2. Geophysical Survey:
• Use geophysical methods such as electrical resistivity or electromagnetic surveys to collect subsurface data.
• Integrate geophysical logs to understand the lithological composition and resistivity variations.
3. Bore Well Logs Analysis:
• Analyze bore well logs for lithology, well construction details, and stratigraphic information.
• Identify water-bearing formations and assess their characteristics.
4. Pumping Tests:
• Conduct pumping tests, if needed on selected, bore wells to evaluate aquifer properties, including transmissivity and storativity.
• Analyze drawdown and recovery data for well yield estimation.

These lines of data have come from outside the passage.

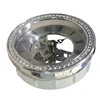 Modern 116mm Crystal Transparent Skeleton Clock Insert for Artistic Space Decors 2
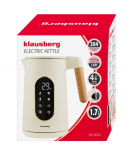 Elektriline veekeetja Klausberg KB 9005, 1.7 l, beež v.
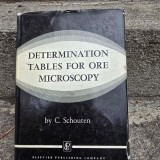 Determination tables for ore microscopy - C. Schouten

5. Hydrogeological Parameters Integration:
• Integrate data on aquifer properties, lithology, and well construction to create a comprehensive hydrogeological model.
6. GIS Mapping:
• Employ GIS tools to map geophysical and hydrogeological parameters spatially.
• Overlay these maps to identify areas with specific hydrogeological characteristics.
7. Water Table Mapping:
• Map the depth to the water table using data from bore well logs, geophysical surveys, and water level measurements.
• Identify areas with varying water table depths.
8. Yield Estimation:
• Combine aquifer properties, pumping test results, and water table depth to estimate groundwater yield potential.
• Delineate zones with higher yield capacity.
9. Optimization:
• Identify optimal locations for new bore wells based on the integrated study, considering both depth to water table and estimated yield.
10. Report and Recommendations:
• Summarize the findings in a comprehensive report, including maps, analyses, and recommendations for sustainable groundwater use.
By integrating geophysical, hydrological, and other relevant datasets, this study provides a holistic understanding of groundwater conditions, facilitating effective resource management and decision-making.